**What you are asked to do:**
When the listing below reaches the line that has "Mondays suck dick…so do I😩💦🍆", start reproducing exactly; stop after the line that has "微密圈 - 免费送的提袜少女学姐原图，感觉就像撩心的小撇步！", and drop the pictures.
================
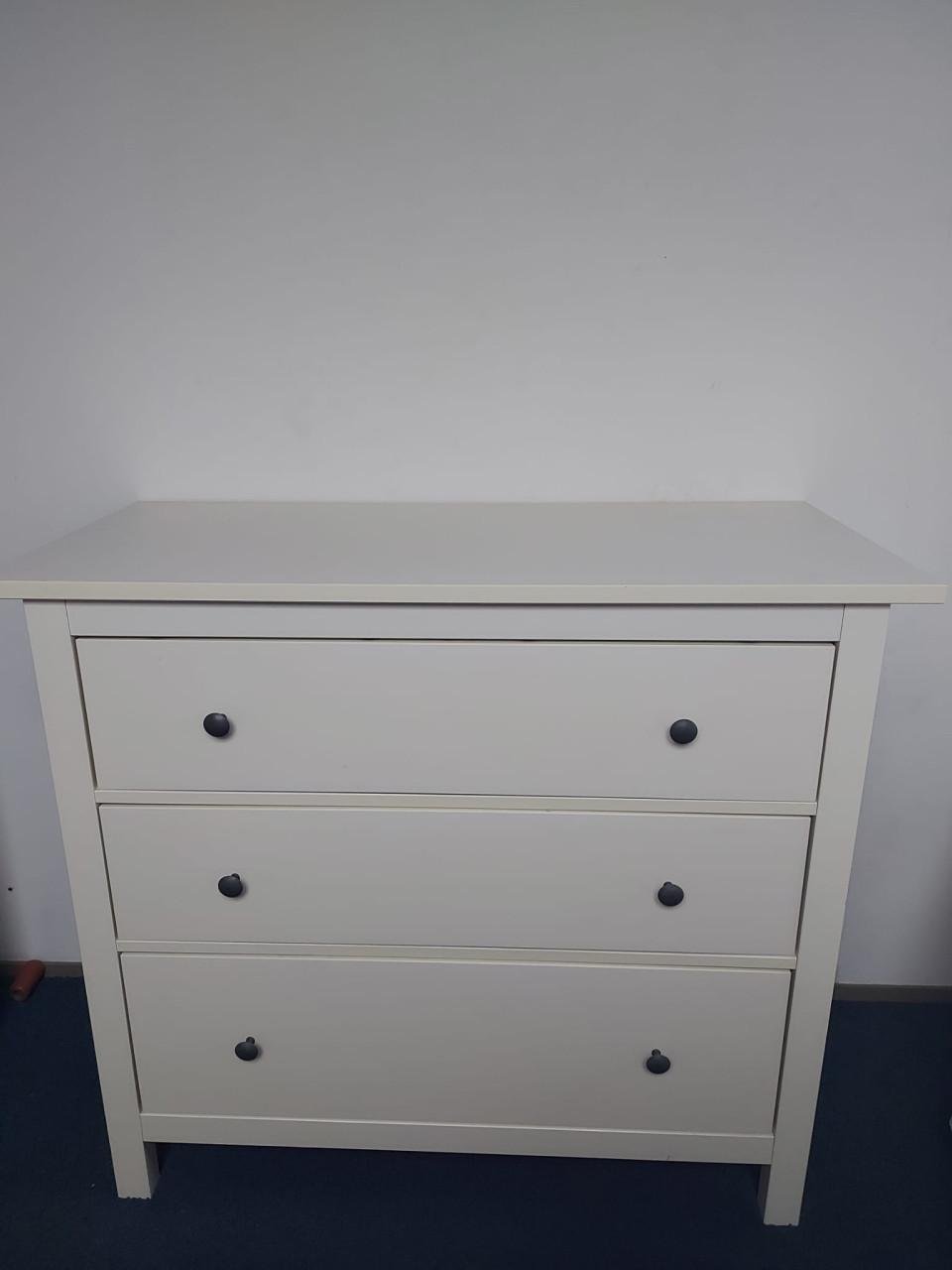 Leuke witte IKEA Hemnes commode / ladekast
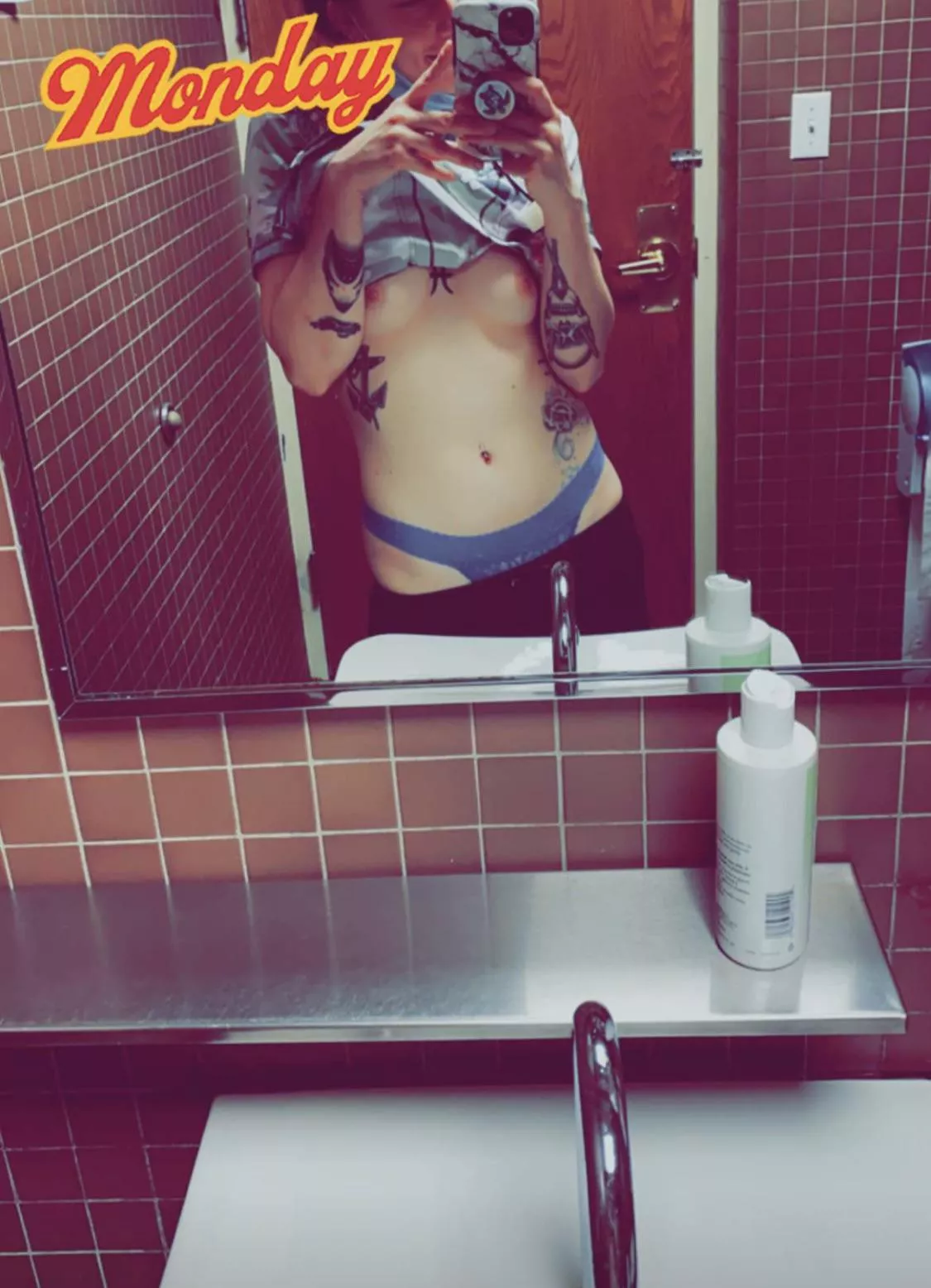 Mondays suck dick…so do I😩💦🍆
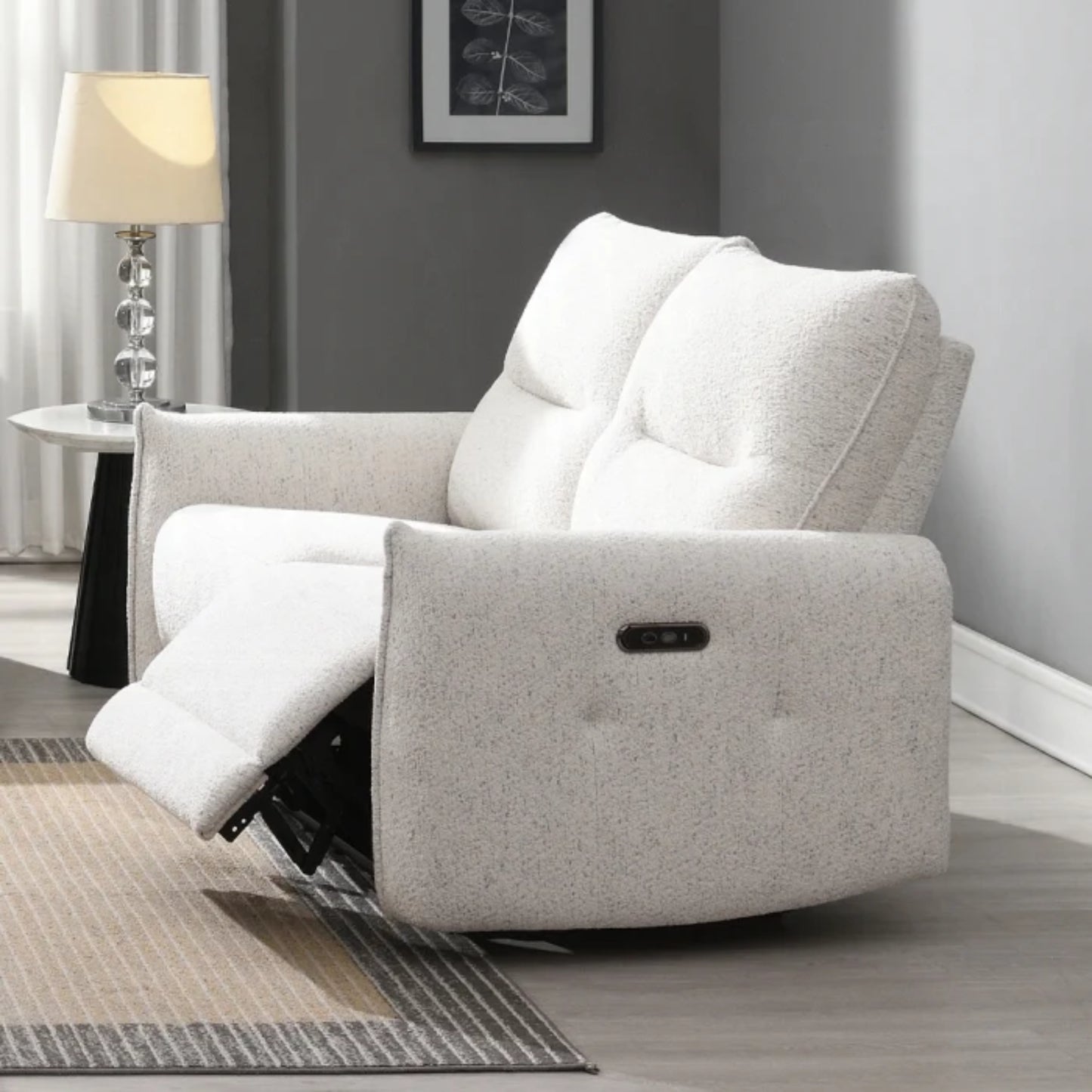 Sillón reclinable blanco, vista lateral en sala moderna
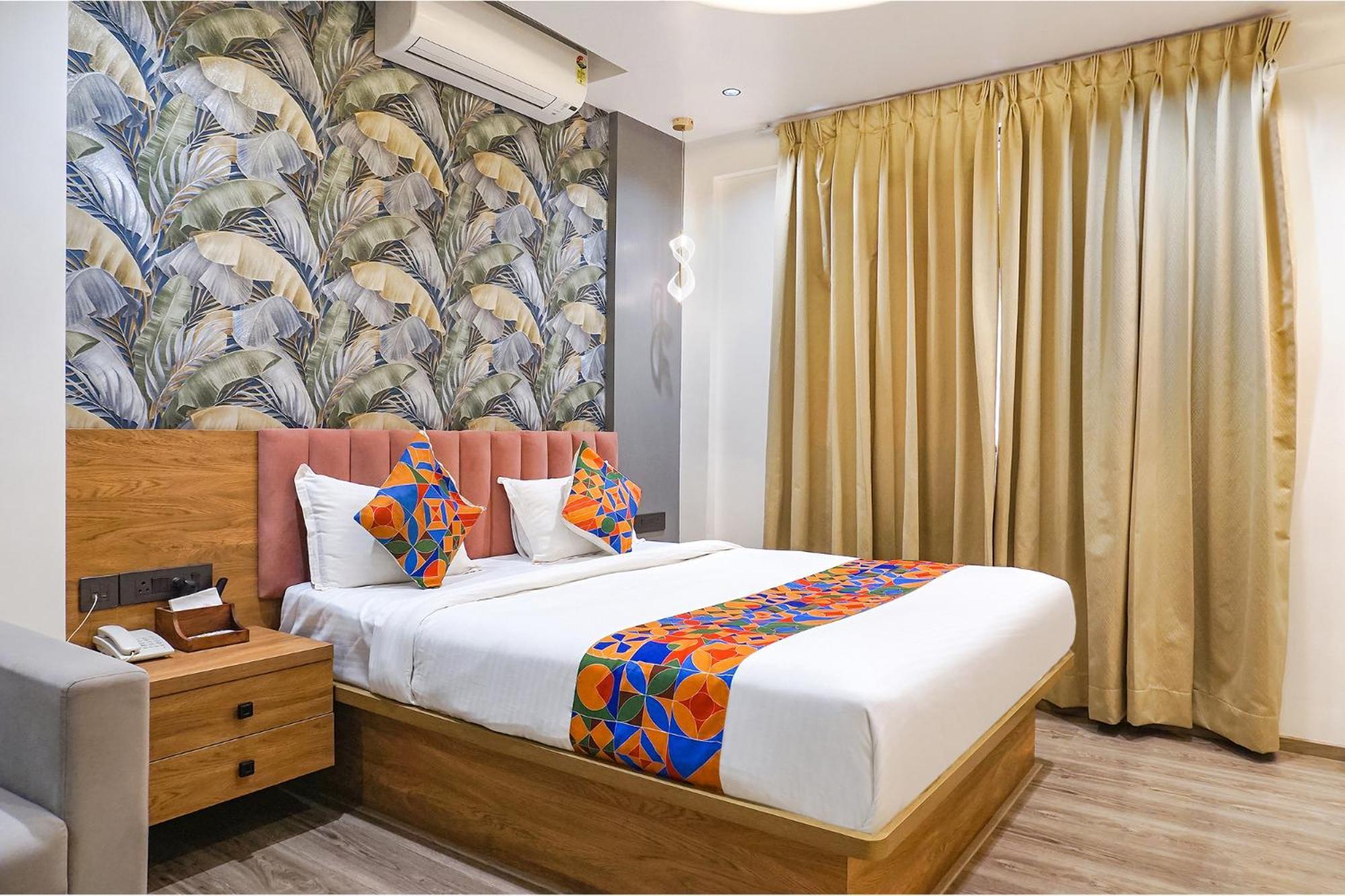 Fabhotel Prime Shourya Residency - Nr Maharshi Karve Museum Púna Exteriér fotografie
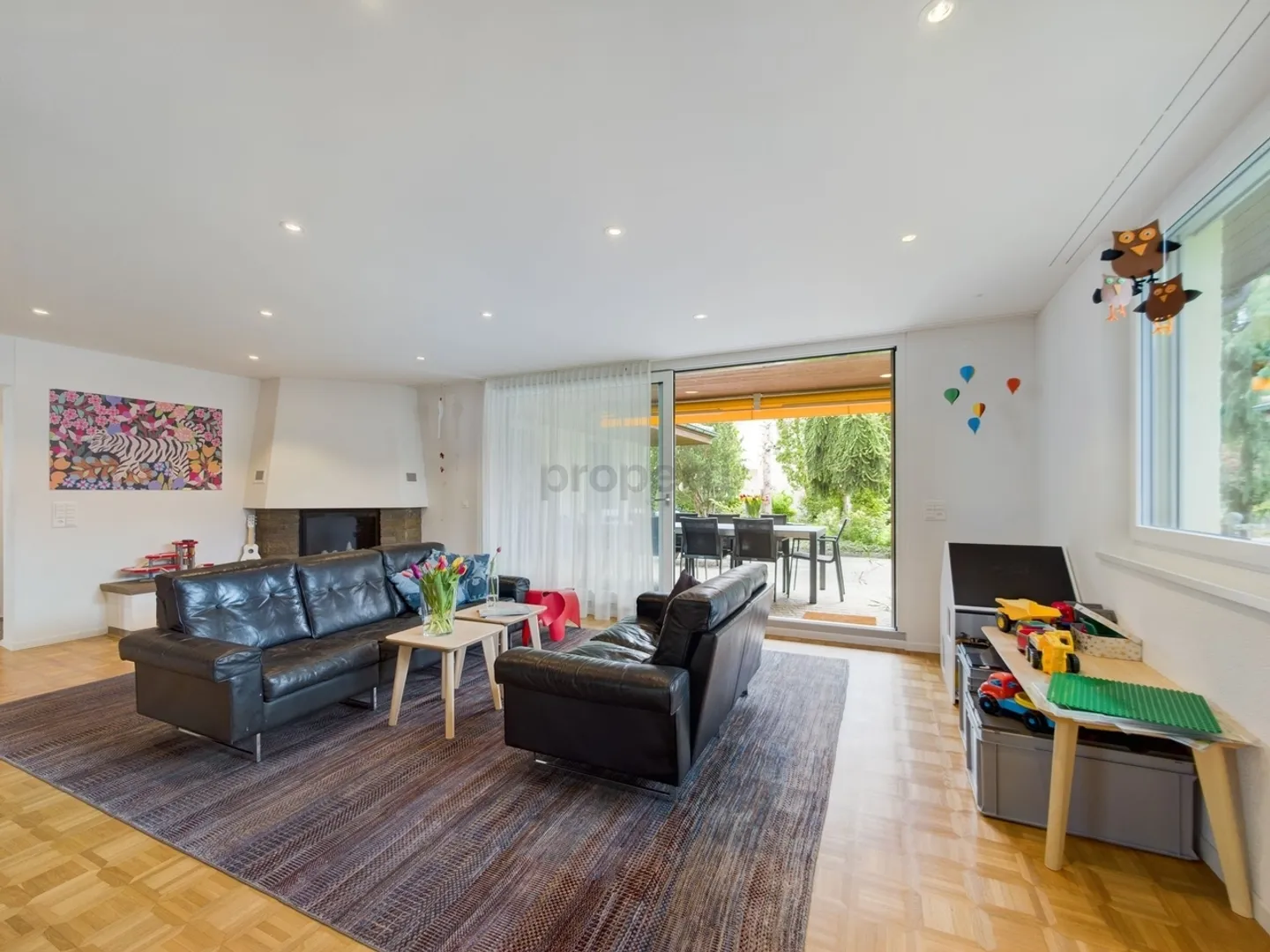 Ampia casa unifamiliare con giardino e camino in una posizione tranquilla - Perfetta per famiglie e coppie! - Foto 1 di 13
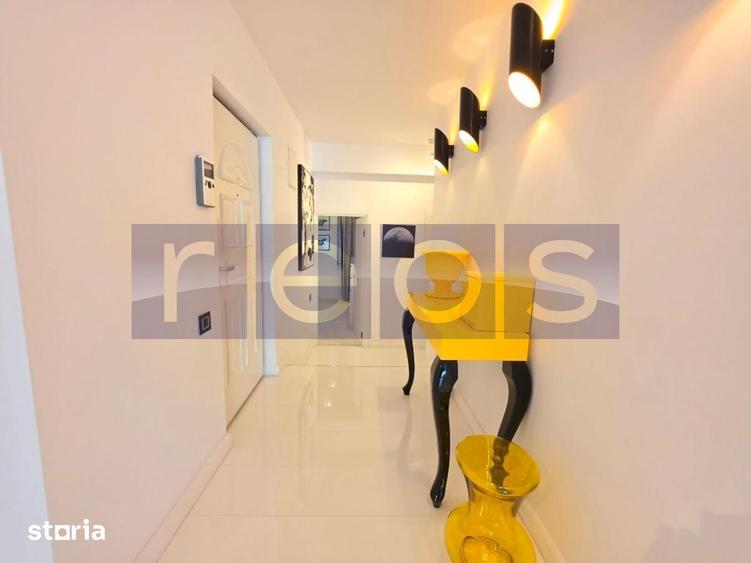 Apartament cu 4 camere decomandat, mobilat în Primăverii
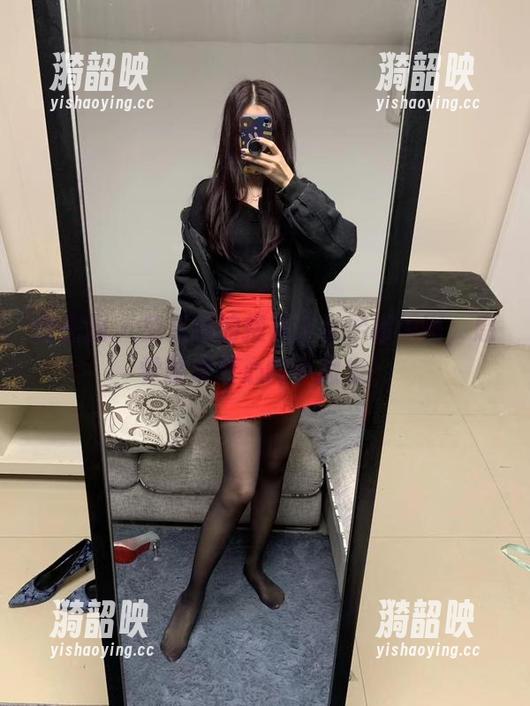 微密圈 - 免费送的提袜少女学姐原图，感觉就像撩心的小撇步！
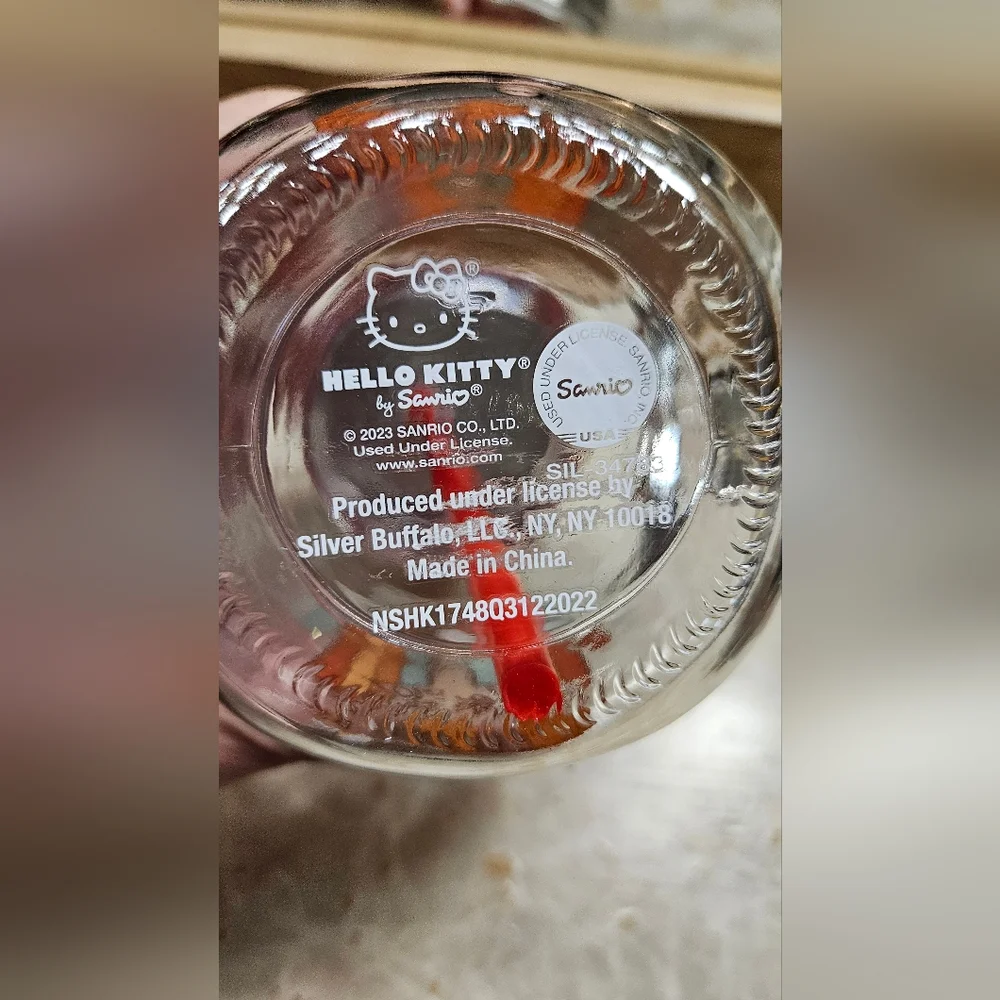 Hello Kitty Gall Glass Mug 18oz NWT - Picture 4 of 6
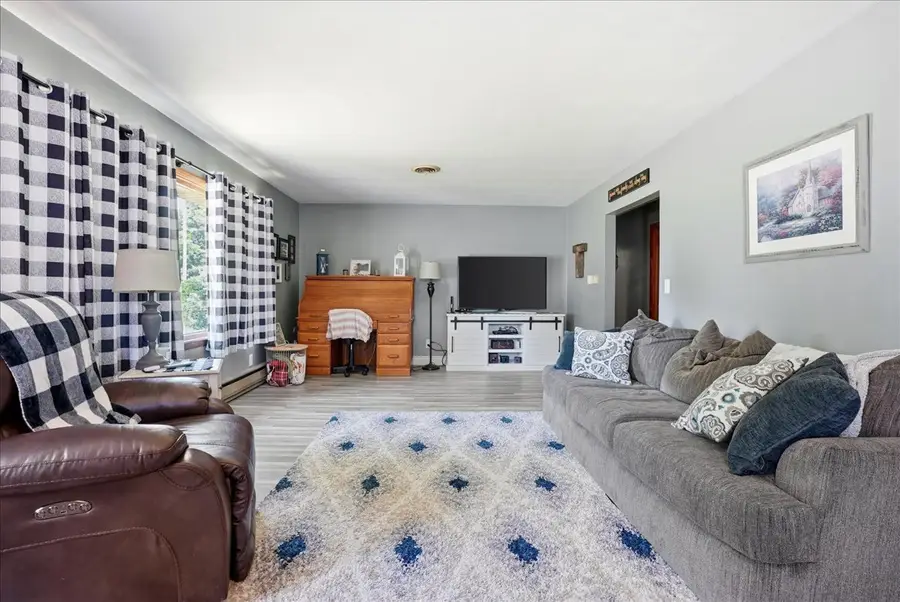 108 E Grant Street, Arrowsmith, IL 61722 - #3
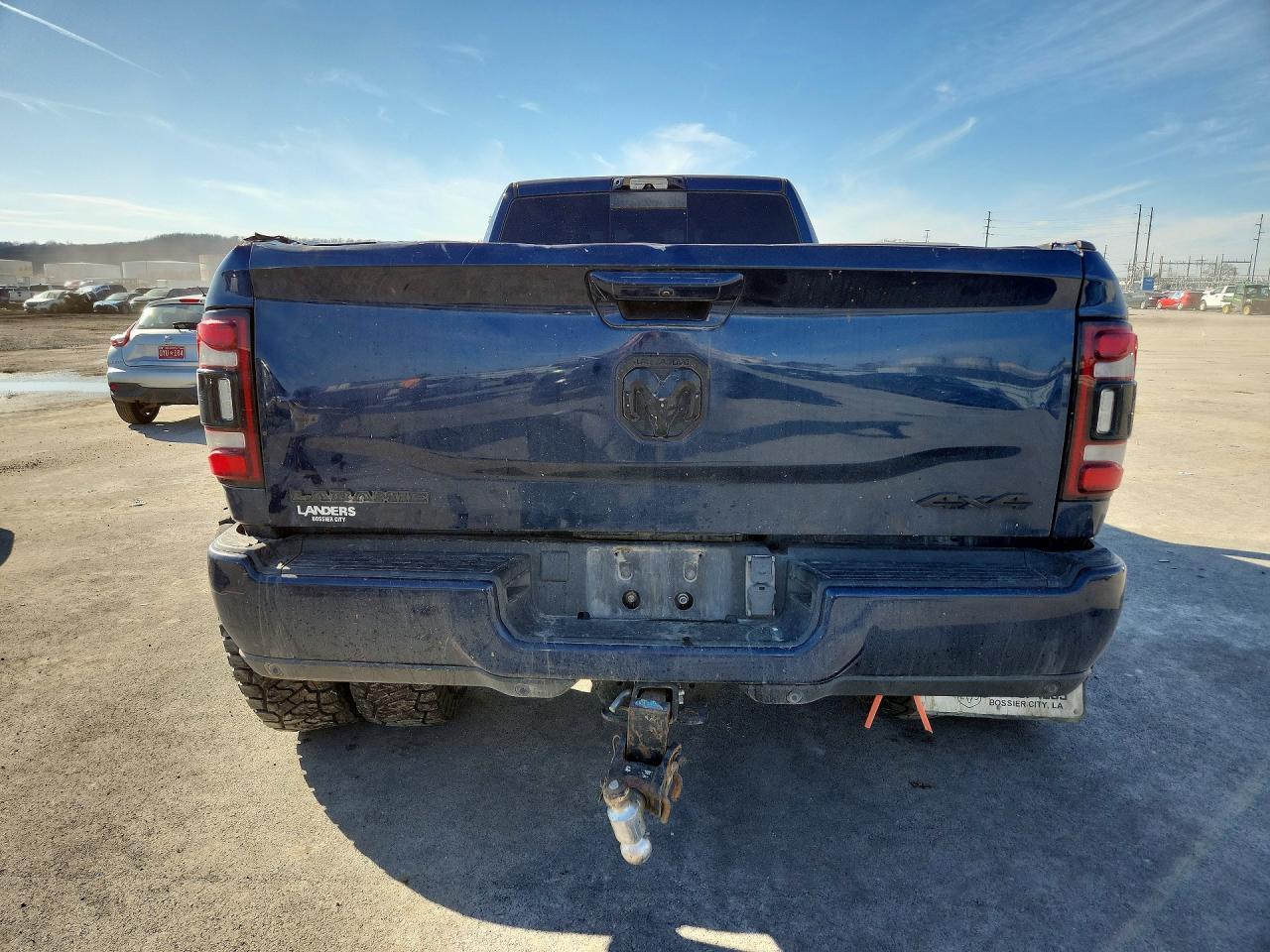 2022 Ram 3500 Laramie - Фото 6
================
**Your solution:**
 Mondays suck dick…so do I😩💦🍆
 Sillón reclinable blanco, vista lateral en sala moderna
 Fabhotel Prime Shourya Residency - Nr Maharshi Karve Museum Púna Exteriér fotografie
 Ampia casa unifamiliare con giardino e camino in una posizione tranquilla - Perfetta per famiglie e coppie! - Foto 1 di 13
 Apartament cu 4 camere decomandat, mobilat în Primăverii
 微密圈 - 免费送的提袜少女学姐原图，感觉就像撩心的小撇步！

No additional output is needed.